Brian Birdnow

In December of 1978, President Carter ordered the institution of full U.S. diplomatic relations with the People’s Republic of China (Communist China) and a corresponding diminution of American relations with the nationalist Chinese government on the island of Taiwan, the long-time U.S. ally. The Communist Chinese responded to Carter’s overture by invading Vietnam, a Soviet client state, in the winter of 1979. They clearly played the “American card” against the Russians in this instance, and destabilized the world in the process.

The 1980 election brought about a regime change in America, but the Reagan Administration made few changes in our China policy. Beijing, meanwhile, bided her time and quietly grew richer and stronger. In 1988 we Americans elected George H.W. Bush, an old China hand, to the Presidency. Bush contented himself by expressing ritualistic remorse over the Tiananmen Square massacre in June of 1989. Then we returned to business as usual. Through the early 1990s China grew stronger and more aggressive, showing harsh belligerence over the disputed Spratly Islands in 1992.

After Bill Clinton became the President in early 1993 he took a break from studying the underclothing of female interns long enough to announce a “strategic partnership” with Beijing. The Chinese, however, had other ideas. They ratcheted up their defense spending to alarming heights, while the rest of the developed world, including the USA, cut defense spending exponentially, reflecting the collapse of the Soviet Union and the American victory in the Cold War. The New York Times, ever clueless, asked editorially in 1995, “Why are the Chinese stepping on the defense spending accelerator, even as the rest of the world applies the brakes?” The Chinese saw a golden opportunity to catch up with the West; even the obtuse editors at the NYT should have been able to connect the dots.

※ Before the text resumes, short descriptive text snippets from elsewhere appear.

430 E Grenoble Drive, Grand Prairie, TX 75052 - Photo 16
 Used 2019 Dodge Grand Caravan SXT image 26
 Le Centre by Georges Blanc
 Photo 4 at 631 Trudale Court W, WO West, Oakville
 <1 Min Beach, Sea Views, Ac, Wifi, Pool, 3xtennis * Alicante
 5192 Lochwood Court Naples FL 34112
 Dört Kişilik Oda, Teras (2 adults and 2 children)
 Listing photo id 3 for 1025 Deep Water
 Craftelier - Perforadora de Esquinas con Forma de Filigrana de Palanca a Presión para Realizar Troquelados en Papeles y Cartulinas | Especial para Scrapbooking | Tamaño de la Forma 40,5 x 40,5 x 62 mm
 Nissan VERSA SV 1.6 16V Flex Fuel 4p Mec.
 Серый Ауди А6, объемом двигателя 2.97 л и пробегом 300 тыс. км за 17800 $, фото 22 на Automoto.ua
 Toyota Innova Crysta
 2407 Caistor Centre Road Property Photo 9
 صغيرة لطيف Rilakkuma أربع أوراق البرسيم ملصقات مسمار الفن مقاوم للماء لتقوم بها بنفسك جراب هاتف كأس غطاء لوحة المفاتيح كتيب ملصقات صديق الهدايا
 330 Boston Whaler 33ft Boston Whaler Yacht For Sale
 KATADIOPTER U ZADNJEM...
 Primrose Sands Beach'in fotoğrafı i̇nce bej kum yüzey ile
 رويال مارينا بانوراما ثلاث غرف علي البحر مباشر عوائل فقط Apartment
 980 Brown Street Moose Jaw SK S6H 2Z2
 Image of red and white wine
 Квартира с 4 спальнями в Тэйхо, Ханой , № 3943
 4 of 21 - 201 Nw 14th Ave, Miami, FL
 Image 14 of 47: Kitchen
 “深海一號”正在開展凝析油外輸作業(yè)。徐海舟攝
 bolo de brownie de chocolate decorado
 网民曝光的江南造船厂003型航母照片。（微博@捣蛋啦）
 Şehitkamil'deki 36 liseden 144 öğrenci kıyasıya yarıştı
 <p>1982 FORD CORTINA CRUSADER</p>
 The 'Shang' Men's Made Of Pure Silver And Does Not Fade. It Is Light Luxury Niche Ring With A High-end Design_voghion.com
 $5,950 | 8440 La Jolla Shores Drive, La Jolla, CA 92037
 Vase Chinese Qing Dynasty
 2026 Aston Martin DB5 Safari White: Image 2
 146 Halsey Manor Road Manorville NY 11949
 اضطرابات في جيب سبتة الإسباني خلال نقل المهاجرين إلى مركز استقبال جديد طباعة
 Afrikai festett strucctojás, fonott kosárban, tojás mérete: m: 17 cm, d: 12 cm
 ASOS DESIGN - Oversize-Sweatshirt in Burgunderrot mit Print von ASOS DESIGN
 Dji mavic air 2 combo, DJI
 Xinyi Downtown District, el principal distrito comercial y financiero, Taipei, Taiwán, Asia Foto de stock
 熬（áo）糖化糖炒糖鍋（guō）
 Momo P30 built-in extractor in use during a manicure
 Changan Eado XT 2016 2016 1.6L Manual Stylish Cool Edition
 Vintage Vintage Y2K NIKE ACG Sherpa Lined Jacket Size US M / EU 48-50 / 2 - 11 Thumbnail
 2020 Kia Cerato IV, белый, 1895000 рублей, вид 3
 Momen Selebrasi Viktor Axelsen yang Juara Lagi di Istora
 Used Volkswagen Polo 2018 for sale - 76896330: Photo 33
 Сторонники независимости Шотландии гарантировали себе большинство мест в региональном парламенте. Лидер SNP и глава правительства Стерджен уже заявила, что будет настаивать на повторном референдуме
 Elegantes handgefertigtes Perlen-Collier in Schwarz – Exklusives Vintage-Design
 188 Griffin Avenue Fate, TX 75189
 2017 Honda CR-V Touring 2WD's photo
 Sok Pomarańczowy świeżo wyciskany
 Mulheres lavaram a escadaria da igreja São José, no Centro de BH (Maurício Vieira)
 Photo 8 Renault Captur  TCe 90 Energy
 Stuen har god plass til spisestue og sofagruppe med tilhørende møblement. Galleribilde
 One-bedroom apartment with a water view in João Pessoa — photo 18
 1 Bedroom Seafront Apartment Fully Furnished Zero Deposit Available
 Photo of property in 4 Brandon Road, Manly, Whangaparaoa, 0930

During the Clinton years the Chinese did much more than significantly increase defense spending. Chinese spies stole American missile technology in 1994-95. The Chinese navy massed forces in the Taiwan Strait, apparently preparing for an attack in early 1996. In response to American questions regarding Chinese intentions the P.R.C. leaders declared that any American effort to defend Taiwan would result in full Chinese missile attacks on Los Angeles and San Francisco.

The election of George W. Bush in 2000 led to no tamping down of Chinese aggressiveness and provocations. In the spring of 2001 the Chinese air forces attacked an American surveillance plane operating over international waters, forced the plane down on Hainan Island, and held the crew hostage for two weeks. We apologized; the Chinese released the crew, and warned us about the consequences of repeating such reckless behavior. The Chinese have taken no part in the War on Terror, instead they have allowed we Americans to do the heavy lifting, even though they have a Muslim problem of their own in the western desert lands of their nation. While American energies have been diverted, the Chinese have helped to arm Iran, they have built submarine bases in Venezuela, and they instigated anti-Japanese riots at home. History may judge Bush favorably in his resolve to combat Islamic terrorism, but his China policy was non-existent.

So, where are we today? The P.R.C. leaders confidently speak of the “Chinese Century”. They talk of “Greater China”, which includes Taiwan, Singapore, Burma and Mongolia. Chinese military planners denounce America as the “Main Enemy”, and they are actively preparing for war. Chinese military plans include the use of cyber-warfare to loot American bank accounts, chemical warfare to poison American fresh water supplies, and old-fashioned espionage to knockout American power grids. The only reassuring factor in this chilling scenario is the near certainty that we could inflict identical damage on the Chinese, if our leaders mustered the will to do so. But, Mr. Clinton prattled on about our “strategic partnership” with China; Mr. Bush called for “constructive engagement” with the Chinese, and Mr. Obama, while he seems to be realizing the reality of the Chinese threat, appears to be pursuing a strategy based on not rocking the boat.

In short, we are seeing nothing new from China. The Chinese leaders are simply carrying on the studied strategy of the last forty years. China’s astonishing growth in strength and wealth guarantee that the world must treat her with respect and caution. We must now conclude, however, that China is an aggressive, covetous, and dangerous expansionist power. Even the New York Times editors now see this fact clearly. The Chinese dragon is breathing fire. What is to be done?

Brian Birdnow

Brian E. Birdnow is a historian and teaches at a university in the St. Louis area.